Open matplo opened 5 years ago
@matplo @ezradlesser
Ideally we would implement generator-to-ROOT in the same TTree format as we use when analyzing the data. That would allow the fastsim to work seamlessly.
The desired format can be seen e.g. on hiccup at /rstorage/alice/data/LHC18b8/146/child_1/TrainOutput/282008/10/AnalysisResultsPtHard10.root
We currently use two trees in this file:
tree_Particle_gen
-- one entry per track for run_number
, ev_id
, ParticlePt
, ParticleEta
, ParticlePhi
tree_event_char
-- one entry per event for run_number
, ev_id
, z_vtx_reco
, is_ev_rej
Here, the expectation is that the combination of run_number
and ev_id
provides a unique event id. I agree with James, and it seems to me that it would make sense to integrate a conversion from HepMC to the existing TTree format as its own "process" class, and perhaps also using the existing code for submitting jobs via sbatch.
Perhaps additionally one could also integrate the generation of new events with PYTHIA and directly tie into the fastsim for creating TTrees in one step.
Yes, agreed -- although I would suggest we keep this in a separate directory than "process", for example we can call it "generation".
Then we would have three distinct steps:
A converter implemented at: https://github.com/matplo/pyjetty/blob/master/pyjetty/sandbox/hepmc2antuple.py Use case: https://github.com/matplo/pyjetty/blob/master/pyjetty/sandbox/test_convert_hepmc.sh
Note-1 the --as-data flag to the converter - saves the particles into tree_Particle instead of tree_Particle_gen expected for MC...
Note-2 I added PDG id branch to the particle tree.
This was tested for HEPMC2 generated with heppy setup (as per example) - it should also work for HEPMC3 files... however, we have seen in the past we had to use different hepmc readers... see hepmc_*_jetreco.py test analyses in https://github.com/matplo/heppy/tree/master/heppy/examples . However, we are closer to what we need...
Additinal note: on the same computer conversion is about 2x slower than pythia generation of the hepmc file; on the other hand, analysis of a root file is fast (in the test an analysis was constit. subtraction, jet finding & soft drop)...
I realized something trivial: we can use directly TNtuple from root rather than the tree writer (which is simply much more useful for some more complex structures than basic types). https://github.com/matplo/pyjetty/blob/master/pyjetty/sandbox/hepmc2antuple_tn.py Speed up is about 'only' 14% but the file size is 50% (x2 smaller) - somewhat surprising (compression? floats instead of doubles? other reasons within ROOT streamers / IO?).

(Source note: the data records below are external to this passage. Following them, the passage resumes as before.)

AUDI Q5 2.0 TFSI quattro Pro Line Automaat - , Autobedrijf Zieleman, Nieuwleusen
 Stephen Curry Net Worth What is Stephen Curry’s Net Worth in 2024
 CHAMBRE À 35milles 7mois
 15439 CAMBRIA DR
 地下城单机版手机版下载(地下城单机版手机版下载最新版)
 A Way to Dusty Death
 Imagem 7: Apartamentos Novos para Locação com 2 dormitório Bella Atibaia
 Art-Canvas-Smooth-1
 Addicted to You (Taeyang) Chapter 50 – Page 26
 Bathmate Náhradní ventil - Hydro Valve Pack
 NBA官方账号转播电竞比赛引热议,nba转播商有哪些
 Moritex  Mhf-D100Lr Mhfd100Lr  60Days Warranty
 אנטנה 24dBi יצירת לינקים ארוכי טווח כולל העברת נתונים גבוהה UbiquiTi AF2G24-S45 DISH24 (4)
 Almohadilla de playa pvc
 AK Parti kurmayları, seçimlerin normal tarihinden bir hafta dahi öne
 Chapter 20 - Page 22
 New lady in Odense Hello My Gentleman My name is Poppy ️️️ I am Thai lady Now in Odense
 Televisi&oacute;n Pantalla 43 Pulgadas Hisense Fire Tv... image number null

Moved a copy of the converter to alice_analysis/generation: #11
And added generator-specific options: #13
To do:
Implemented a separate version of the converter for JEWEL in #14
https://github.com/matplo/pyjetty/pull/48 adds some formal mechanism for obtaining partons from the HepMC files -- though it is not yet implemented for most generators
Something to think about: simply go via the most recent HepMC3.1.x and ROOTIO then to PANDAS via uproot. Now, this makes lot of sense for generate-and-write-then-read scenario - not necessarily "on the fly" - having that perhaps there is a uncomplicated way to set this up "in memory" on event basis.